Sachin Kumar Mangla is working in the field of Green and Sustainable Supply Chain and Operations, Industry 4.0, Circular Economy, Decision Making and Modeling. He has a teaching experience of more than five years in Supply Chain and Operations Management and Decision Making, and is currently associated in teaching with various universities in the UK, Turkey, India, China, France, etc. He is committed to do and promote high quality research. He has published/presented several papers in repute international/national journals (International Journal of Production Economics, International Journal of Production Research, Production Planning and Control, Business Strategy and the Environment, Journal of Cleaner Production, Annals of Operations Research, Transportation Research Part – D, Transportation Research Part – E, Renewable and Sustainable Energy Reviews, Resource Conservation and Recycling, Information System Frontier, Management Decision, International Journal of Logistics Research and Applications, Benchmarking an International Journal, Industrial Data and Management System and International Journal of Quality and Reliability Management) and conferences (POMS, SOMS, IIIE, CILT – LRN, GLOGIFT).

Gunjan Soni did his B.E. from University of Rajasthan, India M.Tech from IIT-Delhi, India and PhD. from Birla Institute of Technology and Science, Pilani, India in 2012. He is working as an assistant professor in Malaviya National Institute of Technology, Jaipur, Rajasthan, India. He has over 17 years of teaching experience at under graduate and graduate levels. His areas of research interest are predictive maintenance and digital technology applications in supply chain management. He has published more than 80 papers in peer reviewed journals including IEEE Transactions on Engineering Management, Production Planning and Control, Annals of Operations Research, Computers and Industrial Engineering, etc.

Michael Bourlakis is the Director of Research for Cranfield School of Management and the Head of the Logistics, Procurement and Supply Chain Management Group. Michael is an internationally renowned and established authority in logistics and supply chain management. His impactful thought leadership has received considerable attention by media (BBC News, ITV News, The Guardian, Wall Street Journal, etc.). He sits on the Editorial Board of 15 journals, and he has won more than 30 research and consulting projects and has generated more than 250 publications including 68 journal papers. Michael has worked with numerous multinational organizations such as Carrefour, DHL, Knight Frank, Metro, Sonae and he has been an advisory board member for Tesco on the “Future of Food” chaired by Tesco's CEO.
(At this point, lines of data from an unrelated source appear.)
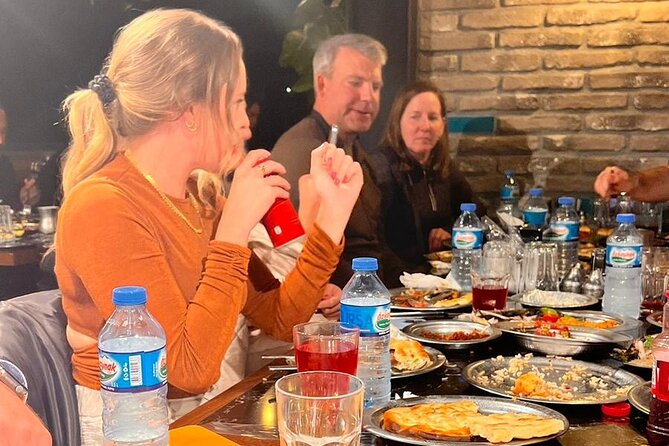 Turkish Food Night and Rooftop Experience Istanbul - Why this Istanbul food night works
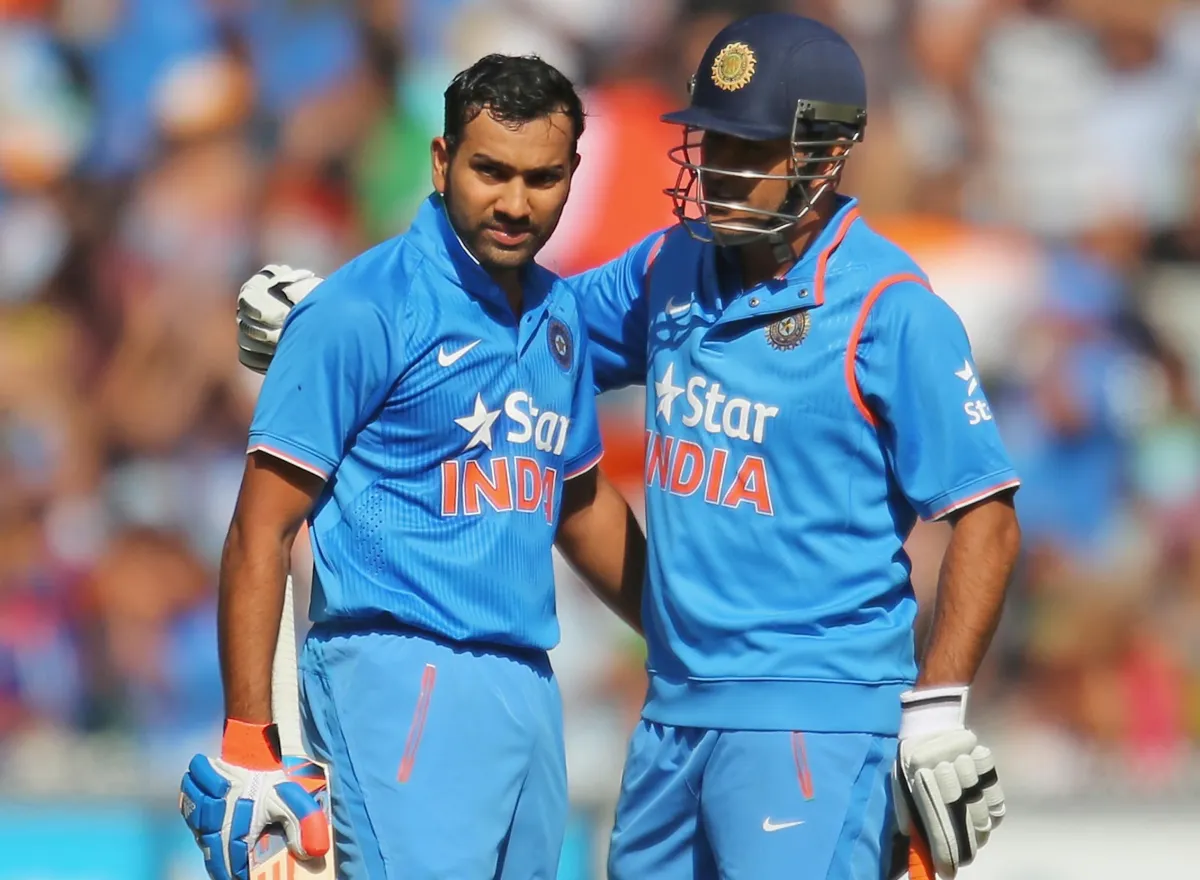 Mahendra Singh Dhoni, Rohit Sharma will be in the role of strategist in the World Cup: Virat Kohli- India TV Hindi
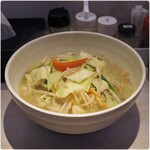 だいはち - タンメン　850円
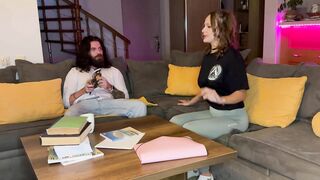 Odyssey Helped Prepare for the Exam and Received Sex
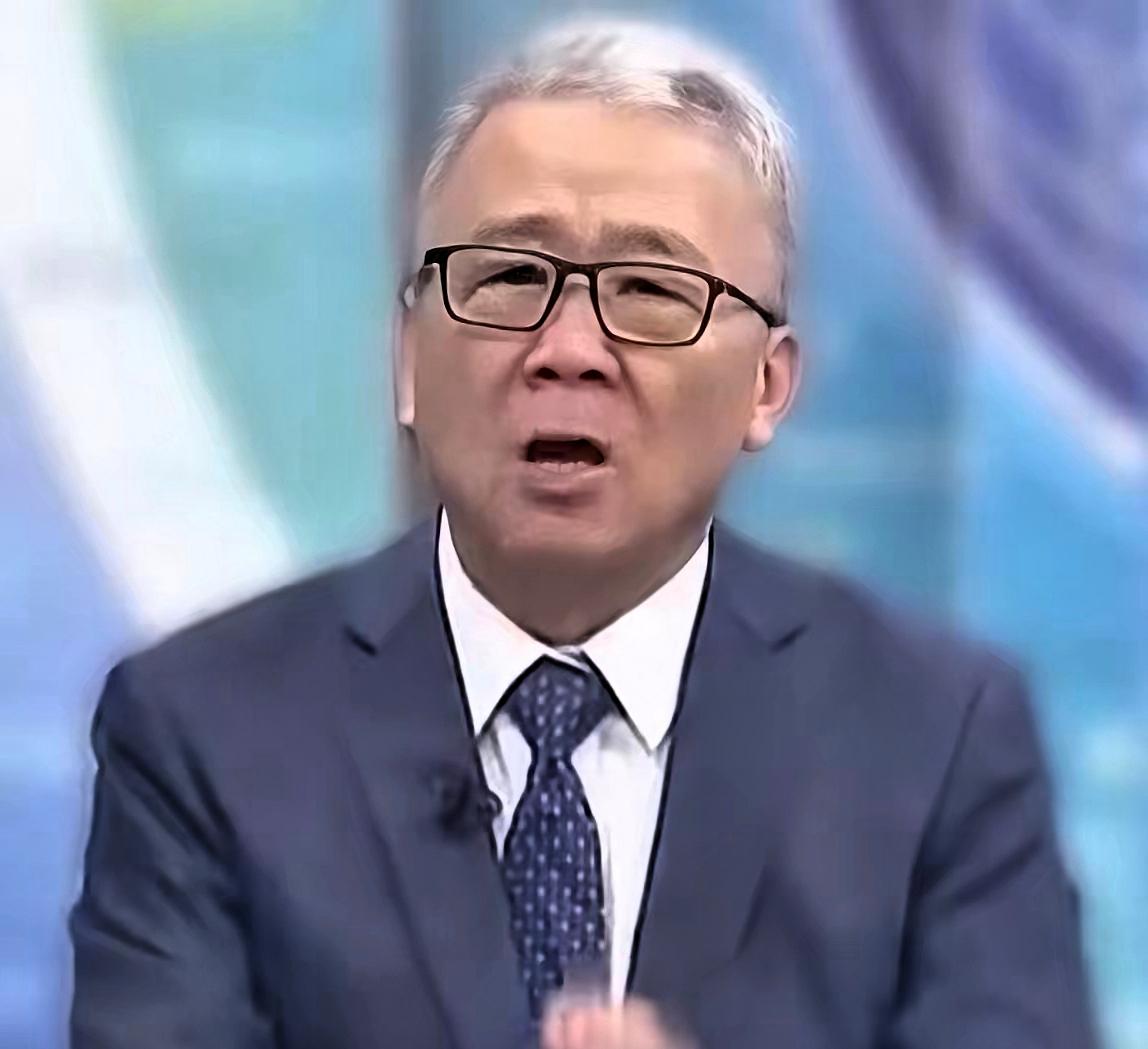 台湾退役将领栗正杰：如果要我在“亲美”跟“亲中”两者之间做一个选择的话，我会毫不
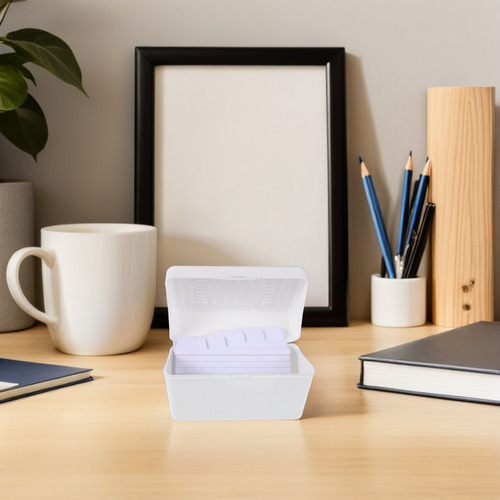 50 Tarjetas Didácticas Para Estudiar: Tarjetas De Índice Ray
Vikas Kumar is a director of research and professor of Operations and Supply Chain Management at Bristol Business School, University of the West of England, UK. He has published over 250 journal articles and conference papers. He also serves on the editorial board of around 10 international journals. His current research focus is on sustainable supply chains and short food supply chains. His other research interests include supply chain 4.0, circular economy and operational excellence.